Patagonian founder and billionaire Yvon Chouinard has announced he will hand over the entire company to a trust and non-profit company designed to direct all of the company’s profits to fight the climate crisis. 98% of the shares will go to a non-profit organization to protect biodiversity and support the community.
A certainly unusual choice that is nonetheless in full continuity with a sustainable strategy that Patagonia has demonstrated for decades now, allocating 1% of its turnover to environmental organizations every year.
“I didn’t know what to do with the company because I never wanted a company. I didn’t want to be a businessman. Now I could die tomorrow knowing that the company will continue to do the right thing for the next fifty years, without me being there.”
Yvon Chouinard
In a letter addressed to his 3,650 employees, the man who “never wanted to be a businessman” declares that “our only shareholder is our home planet”. The environmentalist founder has imagined his own model, ruling out the option of a corporate sale or a stock market listing.
The founder stated that “we weren’t sure that a new owner would keep our values or that we would keep our team of people around the world”.

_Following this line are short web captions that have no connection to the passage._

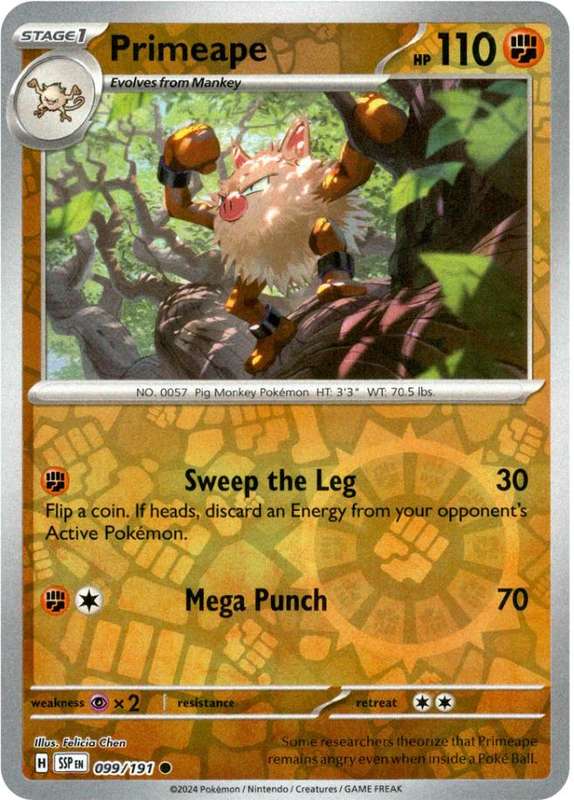 Pokemon Trading Card Game - Primeape [Reverse Holo] #99 Pokemon Surging Sparks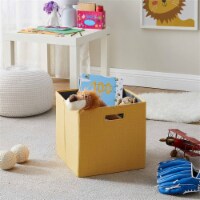 Linon Lane Two Pack Fabric Storage Bins in Yellow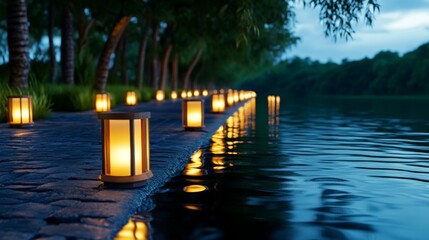 Tranquil Evening Pathway with Lanterns and Reflections on Water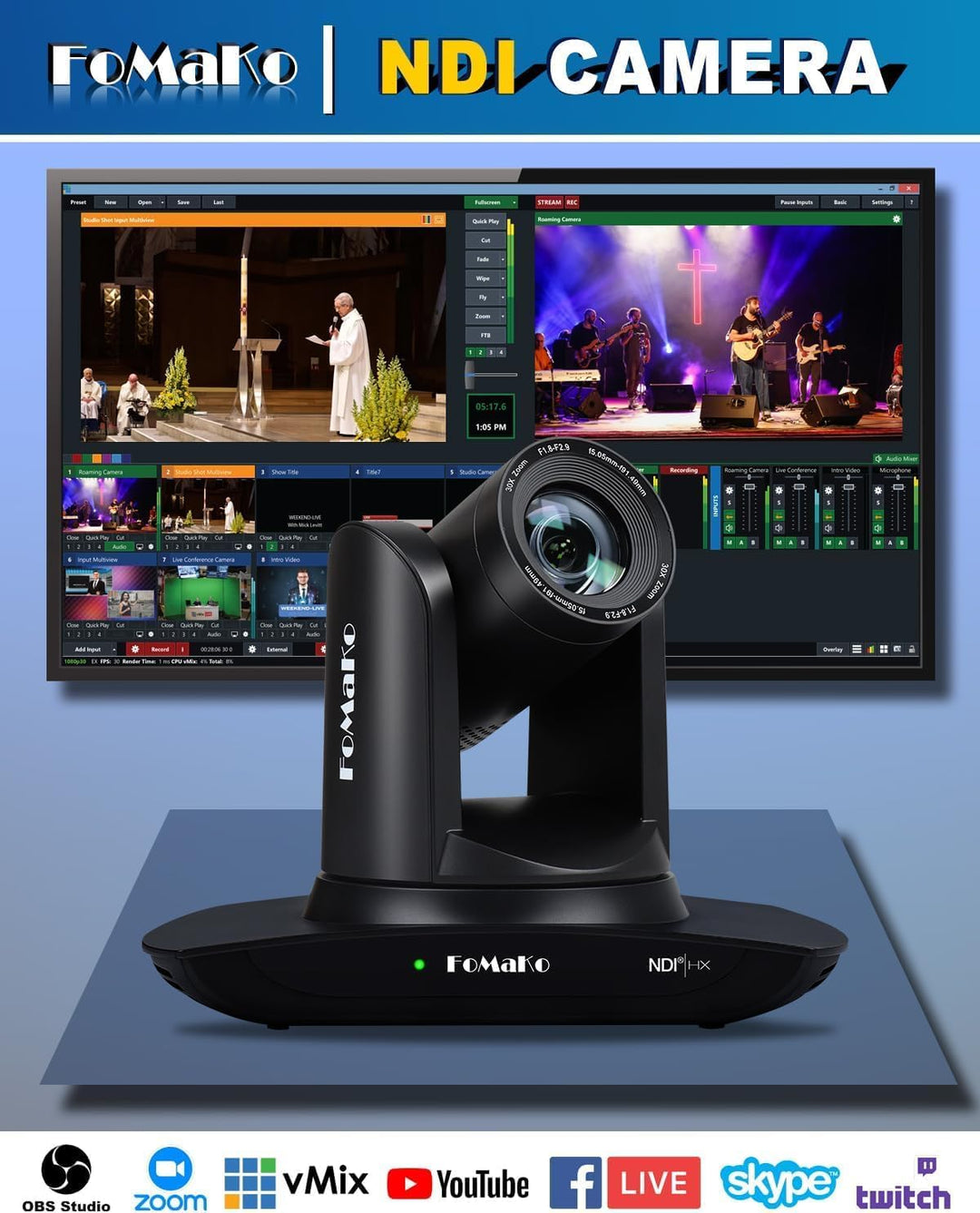 FoMaKo NDI HX3 PTZ Kamera KI-Auto-Tracking 20x Optischer Zoom mit HDMI/USB3.0/LAN(PoE) für Live-Gott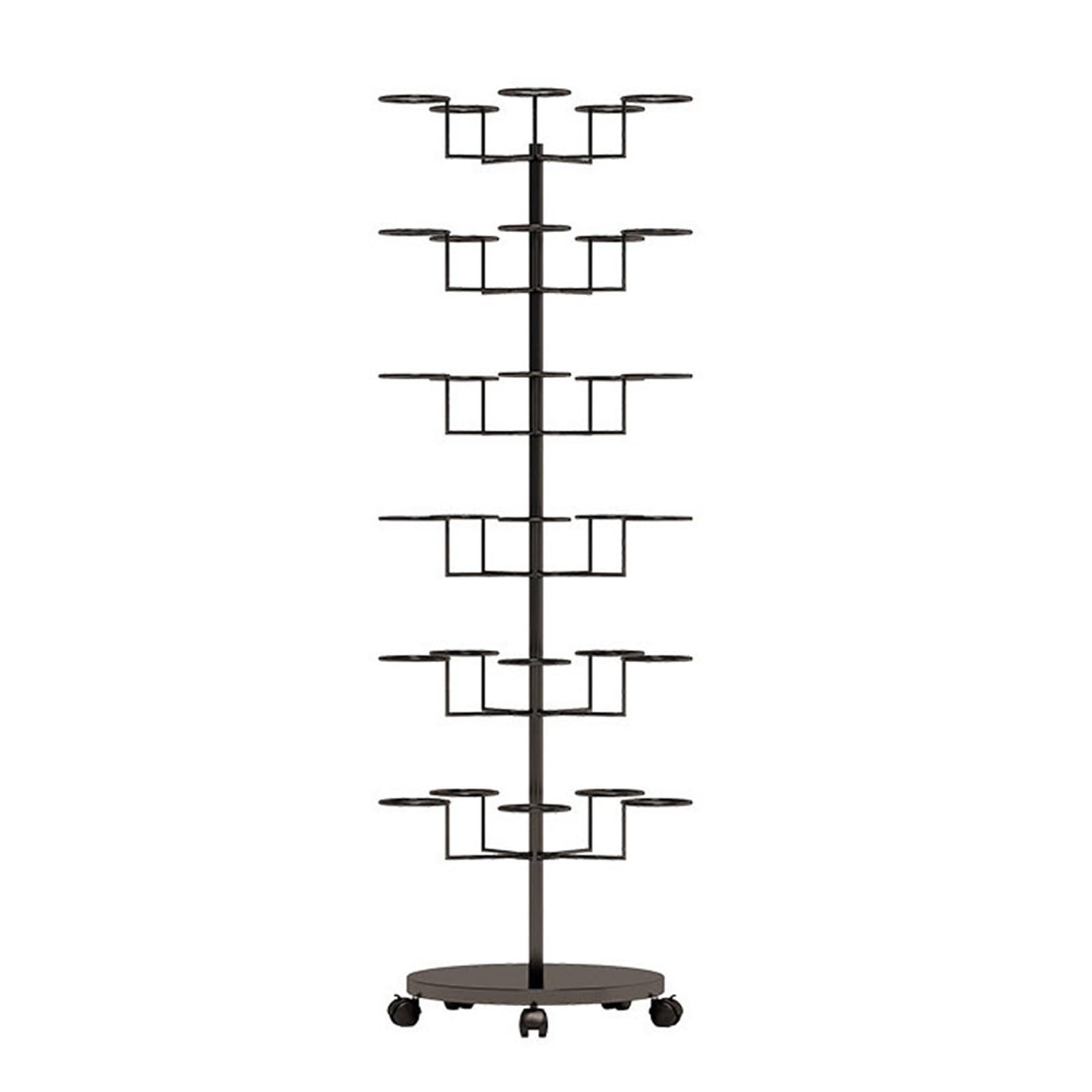 Clothing Rack ﻿Hat Stand with Storage, Multi-Tier Hanger for Shop Display and Organization(30 hat holders)(Black)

Yvon Chouinard has always been an atypical entrepreneur. The philanthropist mountaineer with French-Canadian roots developed and refined his environmental ethics within the company.
His ecological commitment materialized in 2002 with the foundation of 1% for the planet. In the following years he explained:
“The purpose of the initiative is to help fund different environmental organizations, so that collectively they can be more effective in solving the world’s problems.”
Yvon Chouinard
The initiative caused a stir, but it was not the only one implemented by the US entrepreneur. For example, Chouinard’s appeal in 2011 on the eve of Black Friday caused a sensation: the founder encourages his customers not to buy new products but to reuse or repair old ones.
Furthermore, in 2016, Patagonia took this initiative to the next level and pledged to donate 100% of the sales generated during Black Friday to environmental organizations, for a total of 10 million dollars.
If Chouinard taught us one thing, it’s that a company’s growth should never be measured by its balance sheet alone.
The company’s mission has always been to make the best product, without causing unnecessary damage to nature, developing a business to inspire and implement solutions for the environmental crisis.
The decision to have nature as the sole shareholder (official statement to the Washington Post) is yet another sign of Chouinard’s devotion to environmental protection and his irrepressible desire to surf and climb the most impervious mountains of Wyoming.
“We believe this new facility inspires a new way of doing business and putting people and the planet first.”
Ryan Gellert (CEO of Patagonia)
The unusual move comes at a time of growing global crisis. Despite everything, will it be an example for a new business model?